Being a Dogra, Hindu woman from Jammu & Kashmir I felt invisible and voiceless. My foray into activism and community work stems from my decision to change this feeling of not being in control of my own narrative.
For inspiration I have drawn from my own civilisational heritage. The Dogra civilisation is known for its worship of the feminine power, recognising it as divine. Stories of courage, valour and sacrifice transcend geographies and time, but it helps when heroes and heroines are relatable. It becomes easier to look up to them when they look and sound like you.
Peculiar to the Jammu region, where I come from, are quaint shrines devoted to village deities many of whom are women, worshipped as Daatis or Kuldevis . Many of these are associated with stories of ordinary women rising to extraordinary stature against injustice.

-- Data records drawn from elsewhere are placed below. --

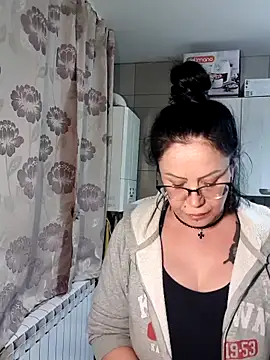 x  KHALEESI  x online show from 11.20.25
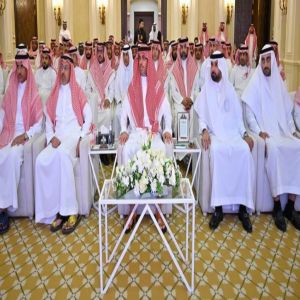 محافظ جدة يشارك منسوبي المحافظة حضور دورة "الثمان الأولى"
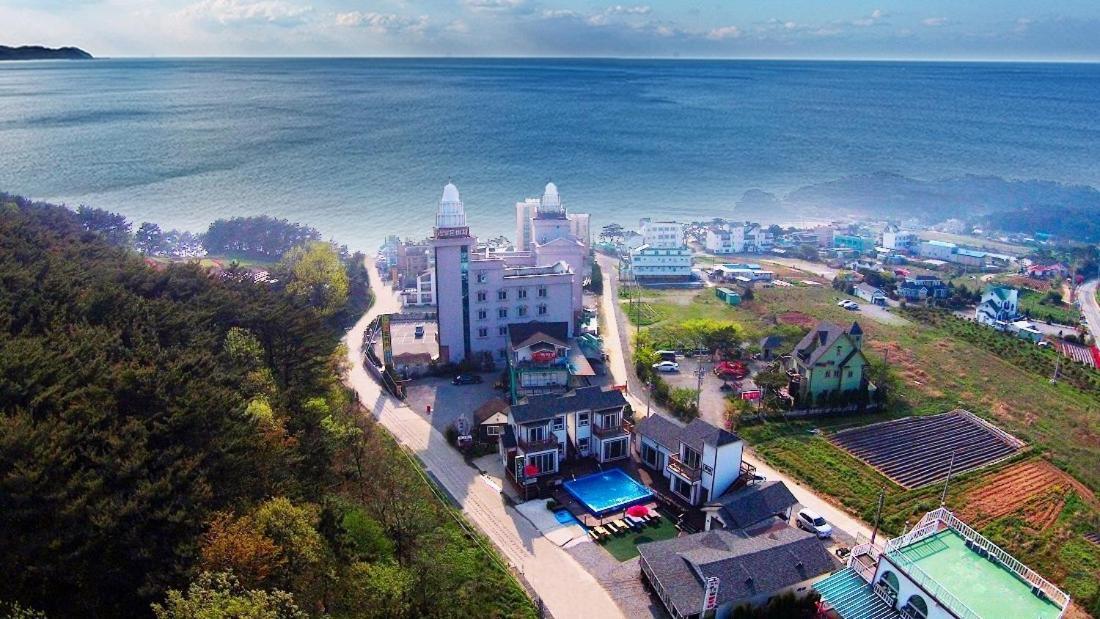 Anmyeondo Neipkeulrobeo Suyeongjangpensyeon Hotel Taean Exterior photo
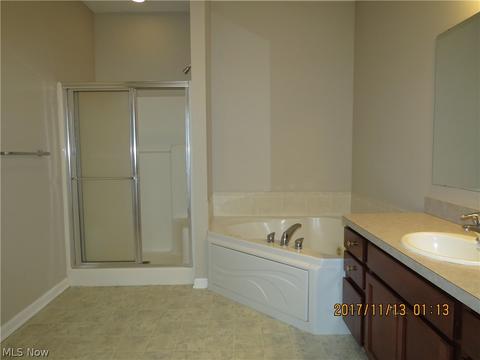 137 Arrow Ct, Elyria, OH 44035 photo 18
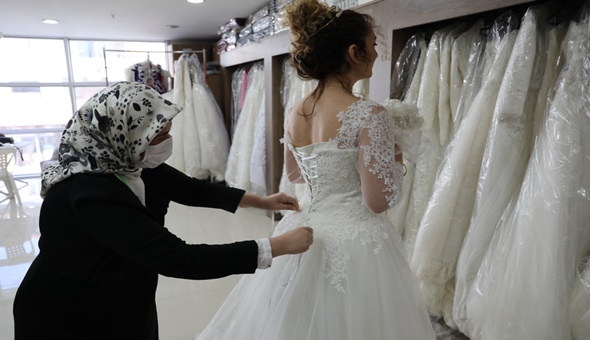 İzmit'te bu mağazada gelinlikler ücretsiz!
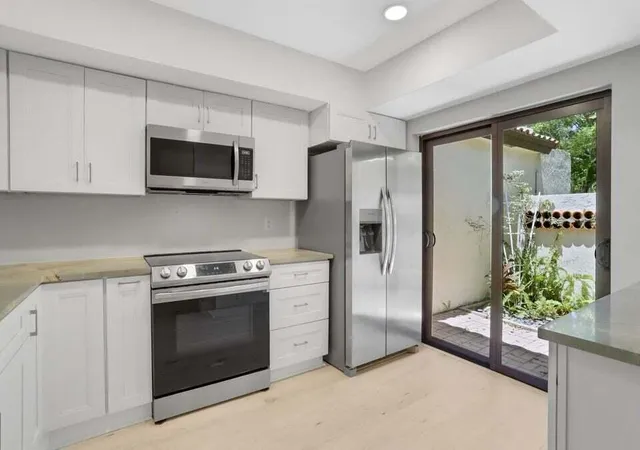 5th image of 3113 Kingswood Ter, Boca Raton, FL 33431 | MLS# R11164563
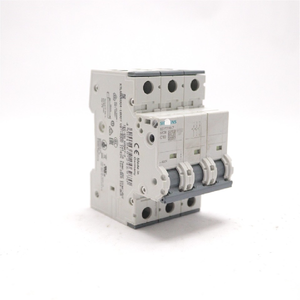 Interruttore Automatico Originale Nuovo di Zecca a 3 Poli 10A 400V 5SY6310-7 MCB C10 - Product Image 1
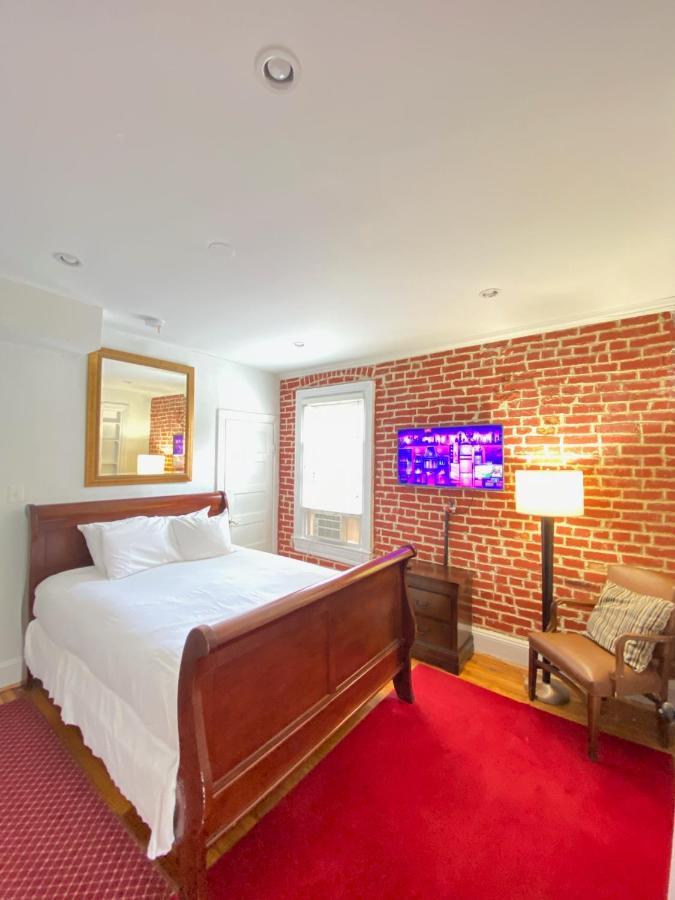 Large Duplex Apt 2Bdrm 1Den-Metro Washington Exterior photo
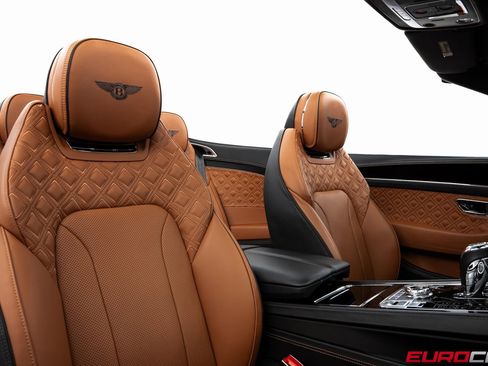 Used 2022 Bentley Continental GT image 34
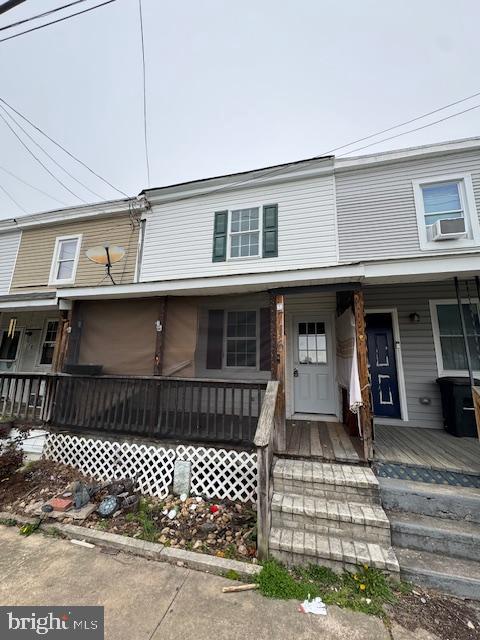 Updated 3 bed 1 bath tenant occupied townhome in Perryville now available! The tenant pay $1500 per month and the lease expires November 1, 2026.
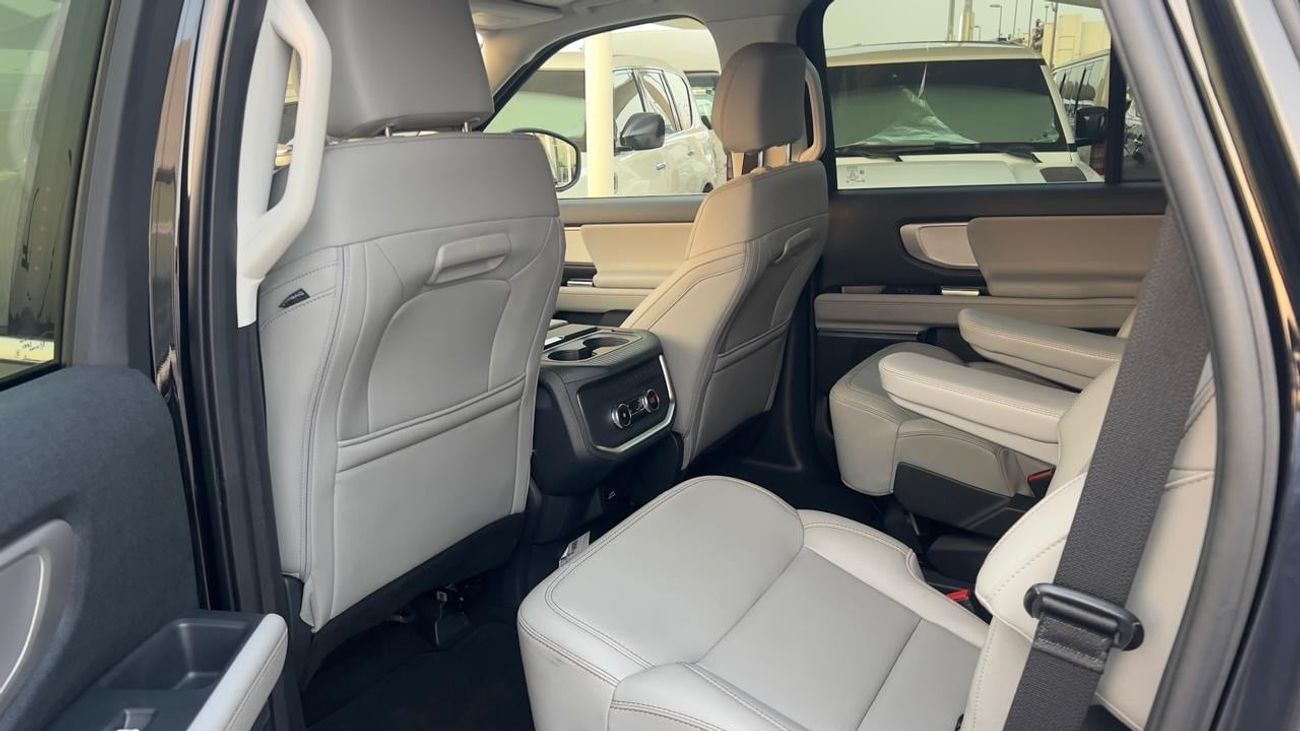 Ford Expedition Platinum 3.5L (400 HP) 4WD ACTIVE 3.5L (400 HP) 4WD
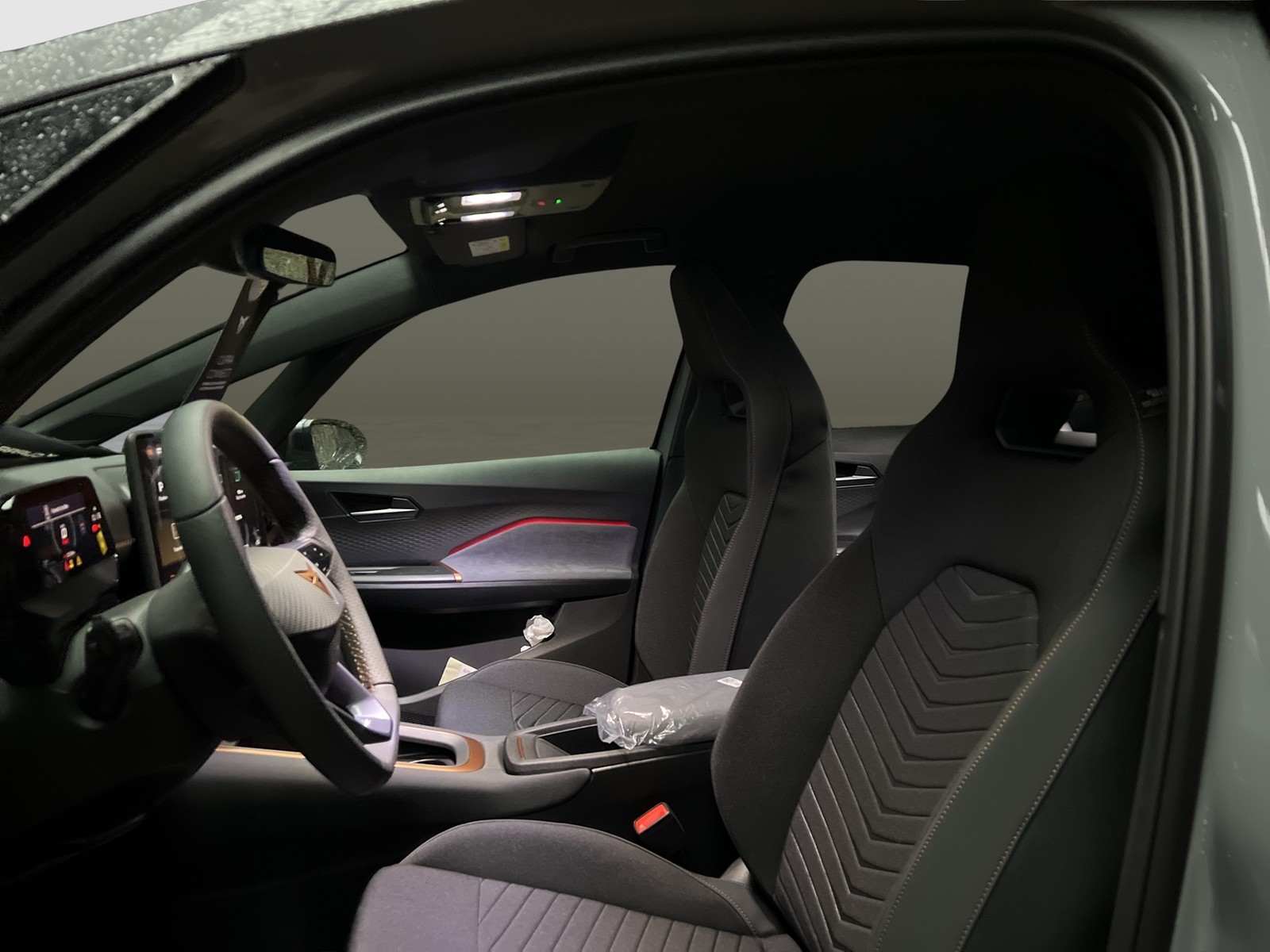 Cupra Born EDITION DYNAMIC 360CAM ACC LM19 NAVI SITZHZ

The Daati of Dhabbuj in Samba tehsil  died during her fight against the atrocities committed by Lalpal, a rich businessman. Bua Bhaga’s samaadhi  is in Billawar tehsil and a testimony to her rebellion against autocracy. She protested against the unfair taxes imposed on the farmers by the jagirdar  of Sumarta on the orders of the raja (king) of Bhaddu.
Bua Bhaga opposed this taxation vehemently. She went door-to-door, carrying her newborn who was being breast-fed at that time, urging people not to pay the taxes. There was no room for opposition and after being cornered by the king's soldiers who had come to arrest her, Bua Bhaga died along with her infant daughter in order to protect her honour. Bua Bhaga teaches us lessons in bravery, activism and standing for the rights of the people.
These women were activists and rights campaigners in their own right. Most importantly, it reiterates that we don’t have to look too far for role models. The empowerment and celebration of women begins in our own homes. All we need to do is look around and within.